John Rawls menjelaskan dalam bukunya berjudul “A Theory of Justice” bahwasanya keadilan adalah kebajikan pertama dari lembaga sosial, sebagaimana kebenaran adalah kebajikan dari sistem pemikiran. Keadilan juga bisa diartikan sebagai fairness yang bisa dijalankan ketika mengikuti pure proceduran justice yang bergantung pada the original position (posisi asli).
Maksud dari the original position yaitu suatu keadaan yang rasional dan umum dimana disitu tidak ada keberuntungan dan ketidakberuntungan pada setiap individu baik secara alamiah (misalkan bisu) ataupun sosial (misalkan miskin).

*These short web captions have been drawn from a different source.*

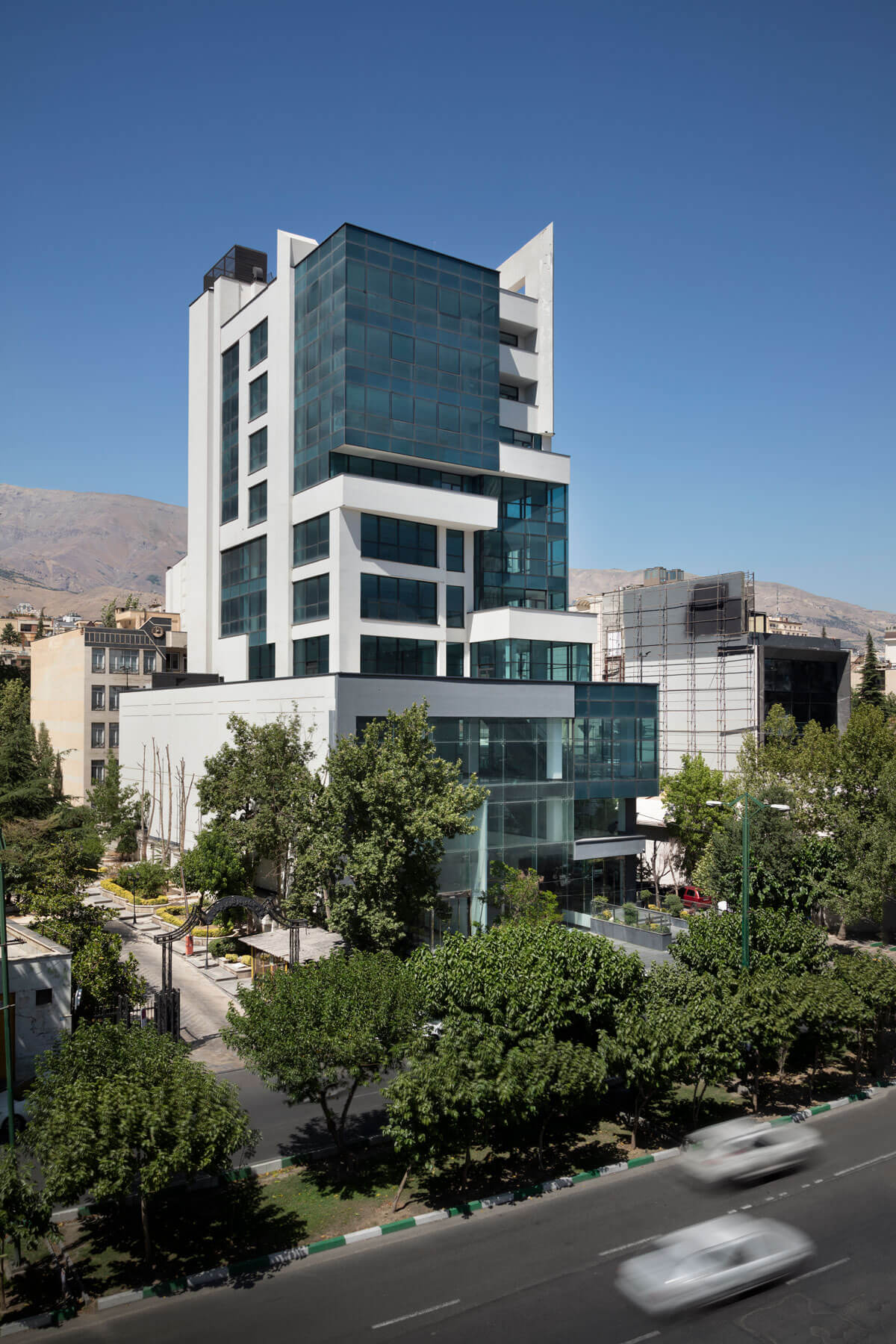 بام یگانه
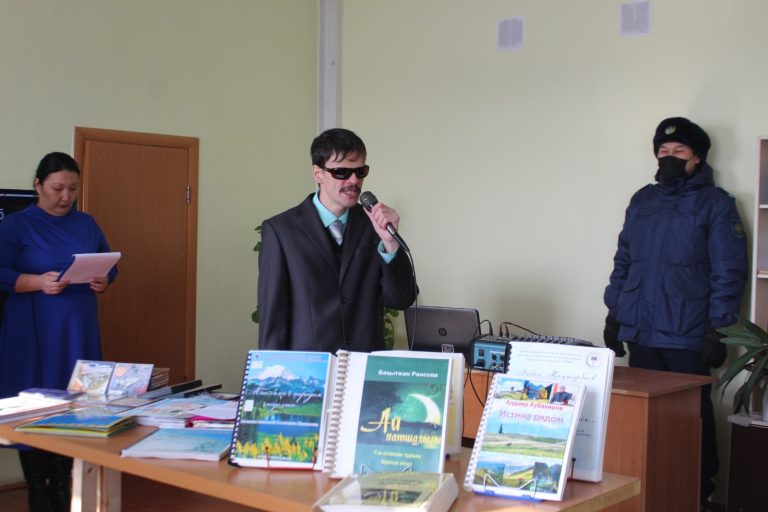 Көзі көрмейтін мүгедек азаматтар қатаң тәртіптегі мекемеге концерттік бағдарламамен барды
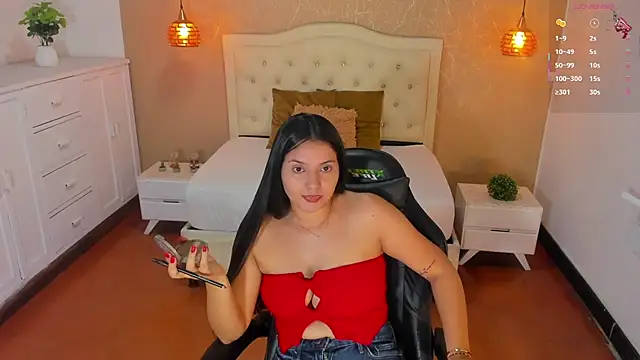 Snapshot of Hadley_ chatting on 09-21-25, 12:12 Hadley online show from 09-21-25, 12:12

The original position menegaskan adanya persamaan kedudukan (equal) pada moral manusia yang dapat merasakan konsep baik dan keadilan, sehingga individu yang rasional akan memilih prinsip ini. Kemudian konsep the original position bergabung dengan konsep the veil of ignorance, hal itu menghasilkan individu the original position yang tidak memiliki informasi tentang individu yang lain.
Konsep the veil of ignorance (selubung ketidaktahuan) suatu keadaan yang diasumsikan bahwa setiap individu tidak memiliki informasi mengenai kedudukannya dalam masyarakat, status sosialnya, tidak mengetahui nasibnya, kemampuan, kecerdasan dan lainnya. Begitu juga tentang keadaan politik, ekonomi dan pencapaian yang telah didapatkannya.

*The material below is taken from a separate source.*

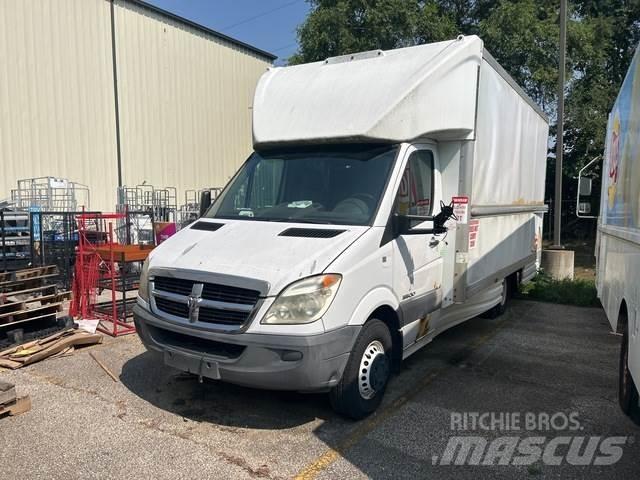 Dodge Sprinter شاحنة مقفلة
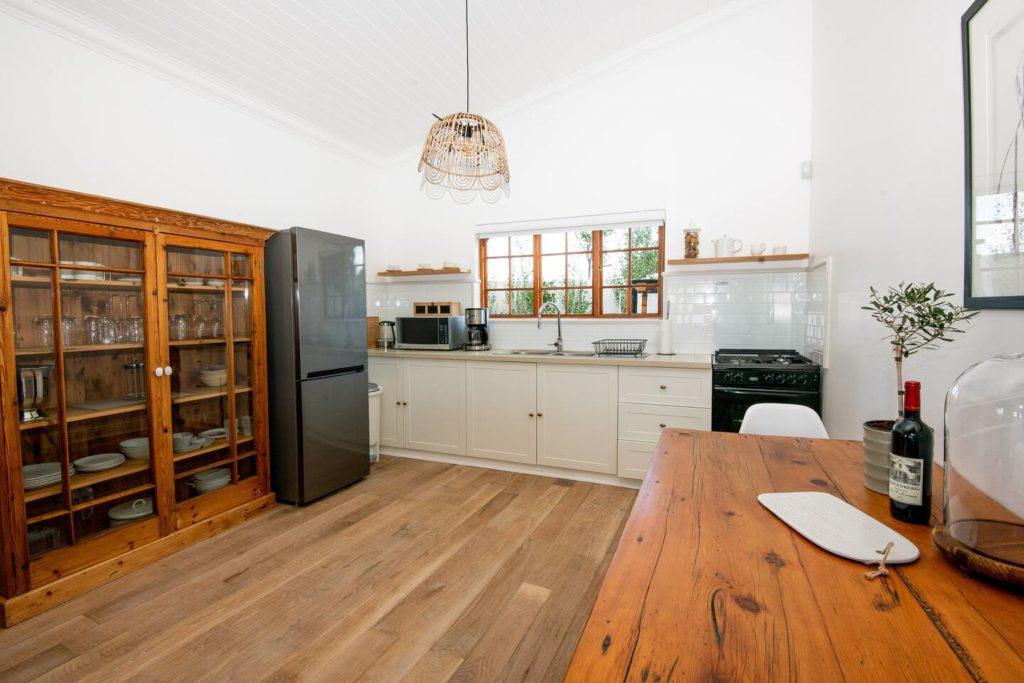 Interiores de casas tipo cabaña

Hal yang diketahui setiap individu adalah informasi umum yang tidak berpengaruh terhadap keputusan dalam melakukan keadilan. Dan apabila individu mengetahui informasi perihan keadaan dan situasi individu tersebut, maka dia sudah tidak lagi dalam the original position.
Jika ditinjau dengan kasus Ronald Tannur, sudah sangat jelas bahwa keadaan Ronald Tannur tidak dalam the original position karena banyak yang mengetahui bahwa dia adalah anak dari mantan pejabat DPR RI yang juga adalah seorang pengusaha.
Dan hal itu membuat the veil of ignorance sudah tidak ada dalam kasus ini. Ketika keputusan hakim sudah tidak bisa dirasionalisasi maka besar kemungkinan keputusan tersebut tidak berpedoman kepada konsep the original position dan the veil of ignorance.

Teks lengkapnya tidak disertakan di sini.